── DATA TO EXAMINE ──

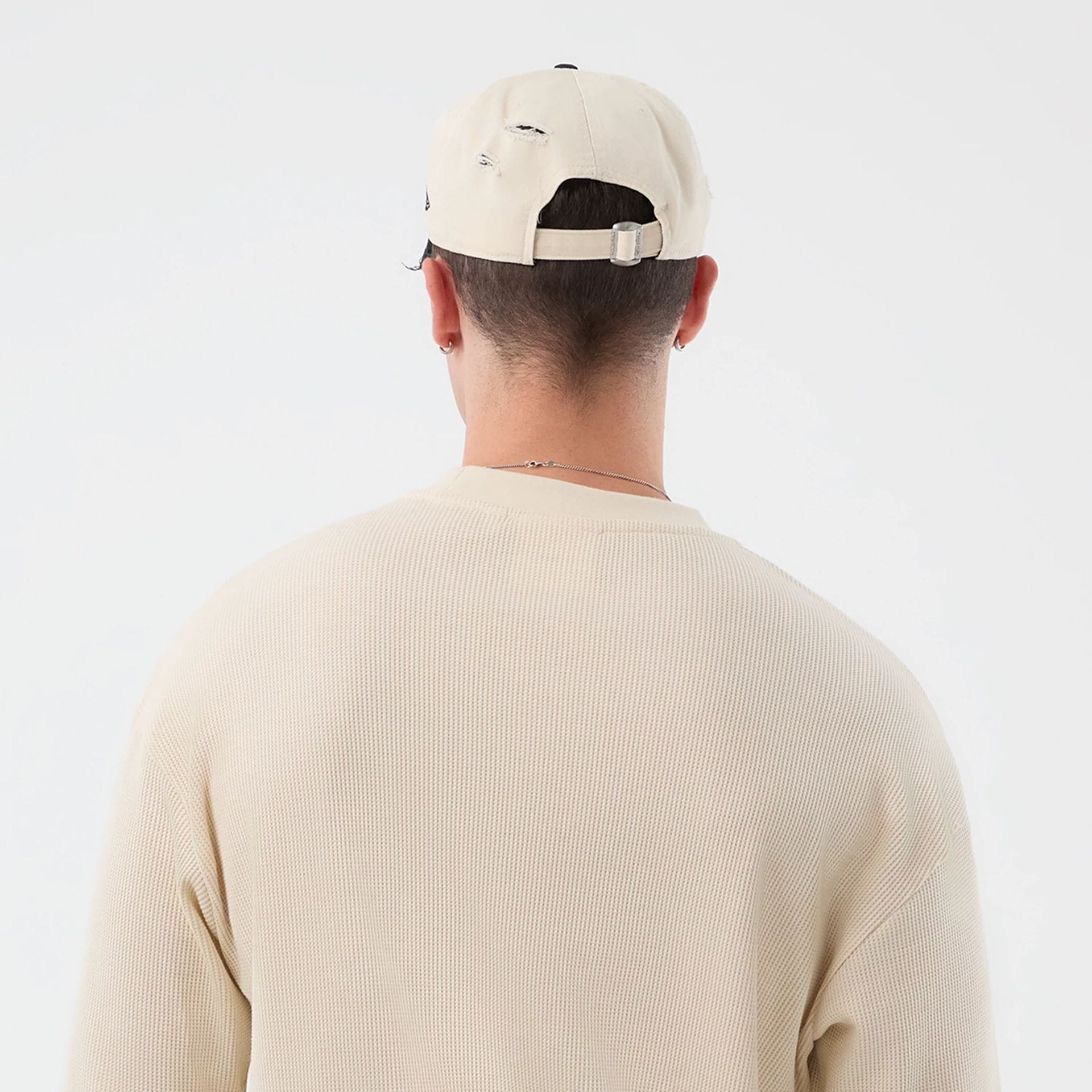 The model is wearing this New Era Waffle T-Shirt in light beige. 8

───
── DATA TO EXAMINE ──

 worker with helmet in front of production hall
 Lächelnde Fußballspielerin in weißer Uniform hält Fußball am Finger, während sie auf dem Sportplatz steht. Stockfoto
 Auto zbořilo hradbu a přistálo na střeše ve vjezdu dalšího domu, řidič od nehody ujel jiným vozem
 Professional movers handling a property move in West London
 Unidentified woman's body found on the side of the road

───

* _TASK ITEM_
Using the entries above, output exactly the lines between the line holding "Professional movers handling" and the line holding "Unidentified woman's body", end lines included, and nothing more.

* _SOLUTION TO THE PROBLEM_
 Professional movers handling a property move in West London
 Unidentified woman's body found on the side of the road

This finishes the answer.